Law & order maintenance and criminal justice systems administration are areas where the District Magistrate’s role and relevance have been steadily diminishing over the years. In major urban areas in most states, the Police Commissioner has effectively done away with the need for an executive magistracy. Over time, law & order functions in urban and rural areas need to be taken over by the respective local bodies, with police forces reporting to these bodies. As far as criminal justice is concerned, the entire process is managed by the judicial system: the few sections in the Criminal Procedure Code relating to prohibitive powers of the executive magistracy can be administered by the local police. Granting of parole to convicts may be one of the few functions that can vest in the state government.
Supply of essential commodities (officially termed “civil supplies”) is one area which is in urgent need of professional management. The present civil supplies machinery under the Collector lacks the capability and the expertise to efficiently manage the distribution of even foodgrains, let alone other commodities like pulses and edible oil.
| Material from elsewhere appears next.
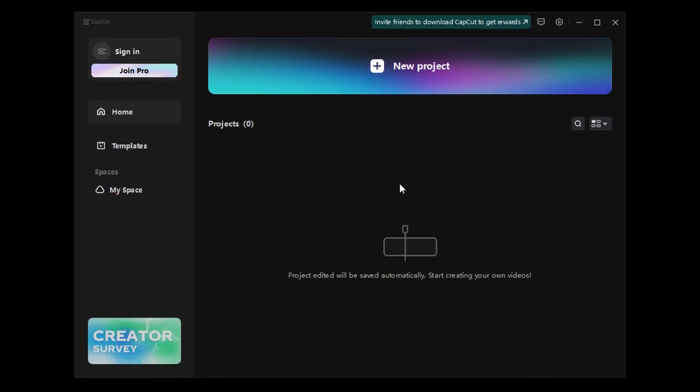You don't know how to remove the background in CapCut PC. I can fix that. All right, first things first.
Handling the supply-demand balance and intervening to keep food prices stable can be managed by a company (as is already done in a number of states).
Nearly all the remaining areas handled presently by the Collector can quite effectively be managed by the respective local body, rural or urban. Natural disaster management, rural employment schemes, etc. should be within the purview of local bodies assisted, where necessary (as is the case today), by specialist units of the state and central governments. Elections to urban local bodies are already being conducted by the local municipal administrations. Management of the election process to the three tiers of governance – national, state and local – can be entrusted to local bodies under the supervision of the Election Commission of India and the respective State Election Commissions.
With local bodies, specialised agencies and the judicial system handling all the functions hitherto vested in the Collector, it is apparent that there is no further need for this institution, which had a major role to play in the first two centuries of its existence, but is today becoming an anachronism. Perceptive readers will observe that this also calls into question the role that a generalist service like the Indian Administrative Service can play in the years to come. Indeed, with growing specialisation of functions and an emphasis on local governance systems, there is need to focus on the entire range of civil services recruited at the central and state levels to see how they need to be recast to meet the administrative needs of India in the 21st century. But this will need a separate blog, given the ramifications involved…So, more anon.